National Public Data Breach: 2.9 Billion Records, 170 Million People, and What the 2024 Breach Landscape Tells Us

A malicious actor gained access to National Public Data's systems in December 2023, then spent months staging data before leaking highly sensitive personal records to the dark web beginning in April 2024. The haul: up to 2.9 billion records tied to as many as 170 million individuals across the United States, United Kingdom, and Canada, according to Microsoft's Defender advisory.
The scale is not abstract. National Public Data is a data broker — an entity whose core business is aggregating, packaging, and selling personal information sourced from public records, court filings, and third-party feeds. The records at risk include Social Security numbers, physical addresses, dates of birth, and other PII that collectively enable identity fraud, synthetic identity construction, and targeted phishing at industrial scale. This was not a breach of a service people knowingly signed up for; most of the 170 million affected individuals had no direct relationship with National Public Data at all.
How the Breach Unfolded
The intrusion followed a pattern that incident responders have documented repeatedly: initial access obtained months before any data is exfiltrated, allowing the attacker to map the environment, escalate privileges, and extract data at their own pace. The gap between the December 2023 compromise and the April 2024 dark-web leak — roughly four months — is consistent with a deliberate, staged operation rather than an opportunistic smash-and-grab.

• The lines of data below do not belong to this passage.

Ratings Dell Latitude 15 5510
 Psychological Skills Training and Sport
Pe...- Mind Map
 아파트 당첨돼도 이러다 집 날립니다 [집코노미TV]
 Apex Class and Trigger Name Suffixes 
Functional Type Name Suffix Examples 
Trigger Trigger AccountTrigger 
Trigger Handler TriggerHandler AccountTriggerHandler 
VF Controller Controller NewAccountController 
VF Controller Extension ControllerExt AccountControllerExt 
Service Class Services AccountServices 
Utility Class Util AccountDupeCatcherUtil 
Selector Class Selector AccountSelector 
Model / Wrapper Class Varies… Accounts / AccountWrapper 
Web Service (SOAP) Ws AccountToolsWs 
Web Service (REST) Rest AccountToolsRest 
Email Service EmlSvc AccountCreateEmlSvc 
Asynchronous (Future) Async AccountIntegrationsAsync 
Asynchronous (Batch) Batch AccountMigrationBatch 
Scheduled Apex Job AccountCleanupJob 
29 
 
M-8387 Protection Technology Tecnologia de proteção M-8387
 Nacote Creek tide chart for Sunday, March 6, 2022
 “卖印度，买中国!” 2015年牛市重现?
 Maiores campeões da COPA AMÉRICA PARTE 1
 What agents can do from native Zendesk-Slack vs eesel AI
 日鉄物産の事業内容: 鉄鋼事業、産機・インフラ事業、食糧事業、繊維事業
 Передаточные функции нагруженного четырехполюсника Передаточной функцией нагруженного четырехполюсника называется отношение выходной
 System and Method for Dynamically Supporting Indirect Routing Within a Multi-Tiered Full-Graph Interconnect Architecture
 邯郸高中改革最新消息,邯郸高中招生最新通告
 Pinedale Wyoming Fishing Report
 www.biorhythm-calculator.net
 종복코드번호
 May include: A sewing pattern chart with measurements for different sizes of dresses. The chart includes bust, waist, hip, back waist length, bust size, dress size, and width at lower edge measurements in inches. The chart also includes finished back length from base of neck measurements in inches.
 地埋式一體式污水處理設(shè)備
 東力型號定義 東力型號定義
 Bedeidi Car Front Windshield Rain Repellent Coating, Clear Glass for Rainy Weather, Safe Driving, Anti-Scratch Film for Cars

Data brokers occupy an unusual position in the threat landscape. Unlike a retailer or SaaS platform, where breach scope is bounded by the active customer base, a data broker's holdings are designed to be as comprehensive as possible. The 2.9 billion records figure almost certainly reflects that aggregation model: the same individual likely appears in multiple records across multiple sourced datasets, which is why 2.9 billion records can correspond to 170 million unique people. That distinction matters for assessing blast radius — but it does not diminish the downstream risk to any individual whose SSN is now in circulation.
The 2024 Breach Landscape
The National Public Data incident did not happen in isolation. NordLayer's analysis of 2024 breach data found that breaches across the year collectively exposed over one billion records — a figure that, even absent National Public Data, signals a sustained, high-tempo threat environment.
The US breach count has been climbing for years. A record 1,862 data breaches were reported in the United States in 2021, per UpGuard's breach tracking, and the trajectory since has not reversed. The combination of more connected infrastructure, richer datasets accumulated by data intermediaries, and increasingly professionalized ransomware and data-extortion operations has kept the incident rate elevated.
For security practitioners, the pattern is familiar: volume, velocity, and variety are all moving in the wrong direction simultaneously. The average organization now processes more PII than ever — collected for analytics, personalization, and compliance purposes — and that accumulation creates target surface that perimeter controls alone cannot adequately protect.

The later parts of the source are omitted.